We’re preparing for our summer departure to Europe this week in fact. The suitcases have been staring reprovingly from the corner of the room for days now and it’s finally time for the packing to commence. It always surprises me, as I swing into action at this time of year, how quickly a life that seems settled and permanent can dissolve into fluidity. I guess all of our lives are like this really- most finally apparent when the ultimate ending to this beloved dream appears inescapably before us- but one of the striking aspects of the role of the exile is how fragile our normality appears when the annual call of home is heard.
It’s a trip that we’ve taken each of the nine summers that we’ve lived in America. As is often the case for expat families, the children and I leave before my husband and enjoy a longer period both in London and then in the Dordogne at our Buddhist retreat center. This year I’m keenly aware of the passage of time as it’s the first occasion that my son will return early with my husband; high schools here in Los Angeles commence at the highly uncivilised time of mid-August. And so my daughter and I will spend close to a month longer in France and already the quiet space for contemplation and the days untroubled by the mundane are calling with their siren song of gentle ease.
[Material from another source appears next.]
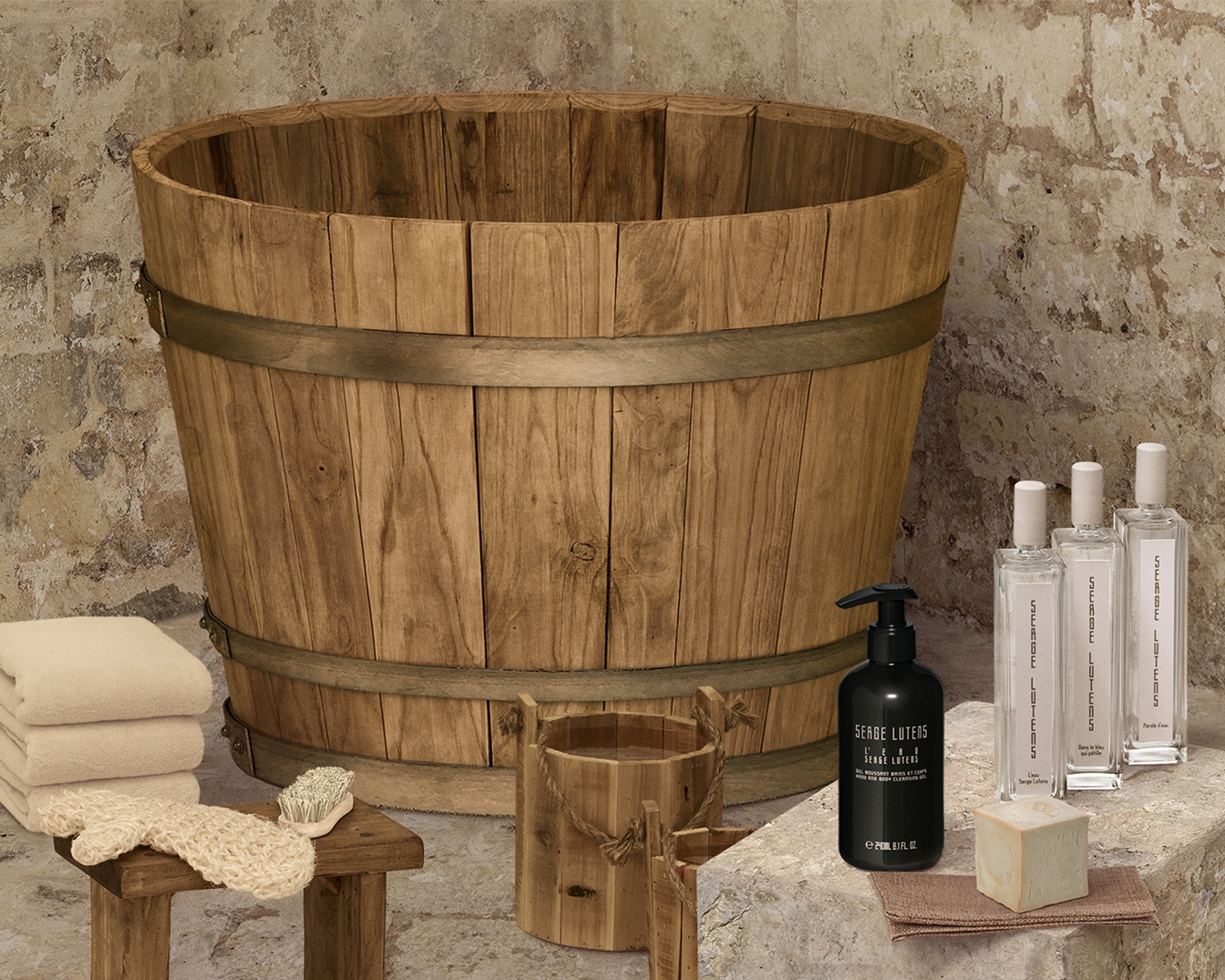 Un cadre serein présente un grand seau en bois, des serviettes moelleuses, et une sélection de produits Serge Lutens, invitant à un rituel de bain luxueux et relaxant.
I have long loved the works of Arthur Rimbaud and I always hear the echo of the words of Sensation, one of his short poems, whenever my mind turns to our French summers beneath the hazy sunshine amidst the green hills and blue flowing rivers.
In the blue summer evenings, I will go along the paths,
And walk over the short grass, as I am pricked by the wheat:
Daydreaming I will feel the coolness on my feet.
I will let the wind bathe my bare head.
I will not speak, I will have no thoughts:
But infinite love will mount in my soul;
And I will go far, far off, like a gypsy.
Through the countryside- joyous as if I were with a woman.